### ABOUT THIS EXERCISE
A picture-free, exact copy of all the records below is the goal.

### Image-text web data
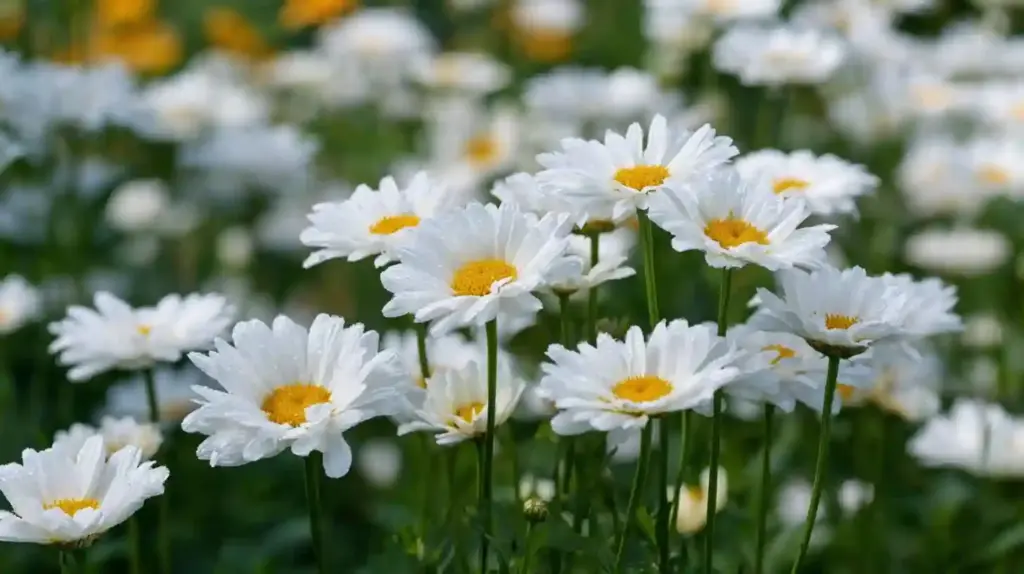 Leucanthemum × superbum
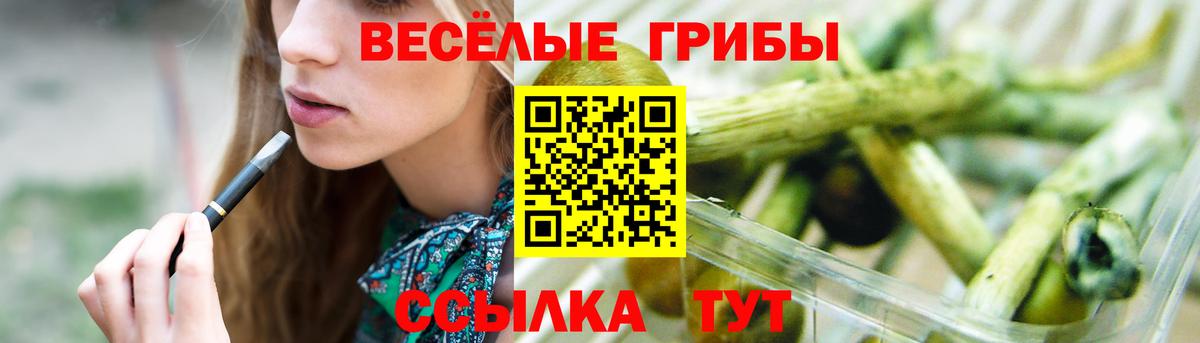 Псилоцибиновые грибы Psilocybine cubensis  Вход с VPN  Псилоцибиновые грибы MAGIC MUSHROOMS  Черняховск 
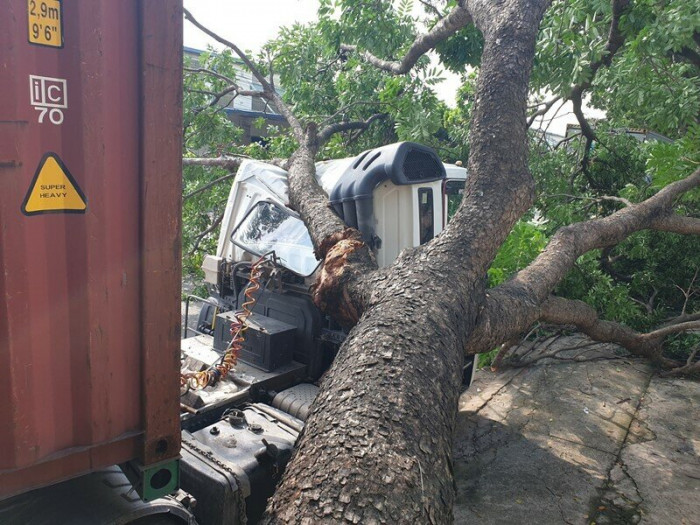 tai xe hoang loan khi cay co thu bat goc de mop cabin xe container 1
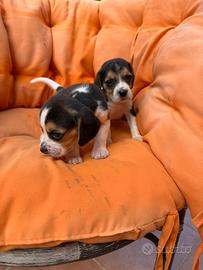 Cuccioli di Beagle elisabhet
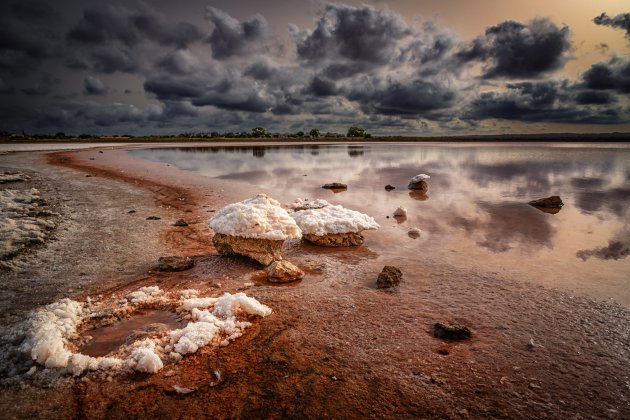 Laguna niet zo rosa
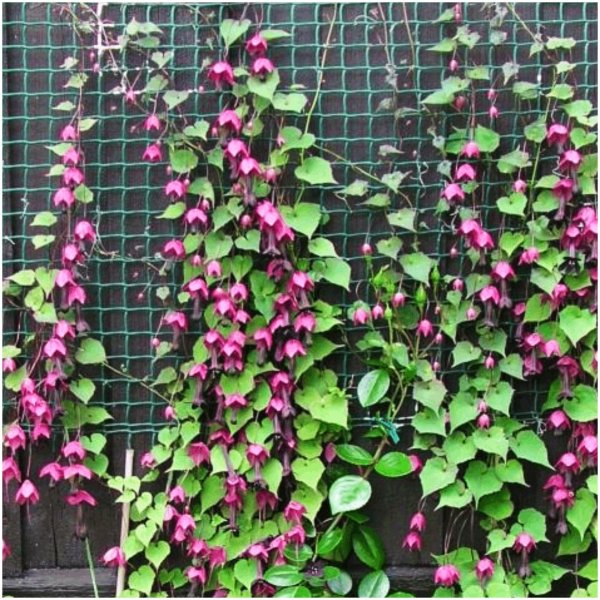 родохитон родос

### EXERCISE OUTPUT
 Leucanthemum × superbum
 Псилоцибиновые грибы Psilocybine cubensis  Вход с VPN  Псилоцибиновые грибы MAGIC MUSHROOMS  Черняховск 
 tai xe hoang loan khi cay co thu bat goc de mop cabin xe container 1
 Cuccioli di Beagle elisabhet
 Laguna niet zo rosa
 родохитон родос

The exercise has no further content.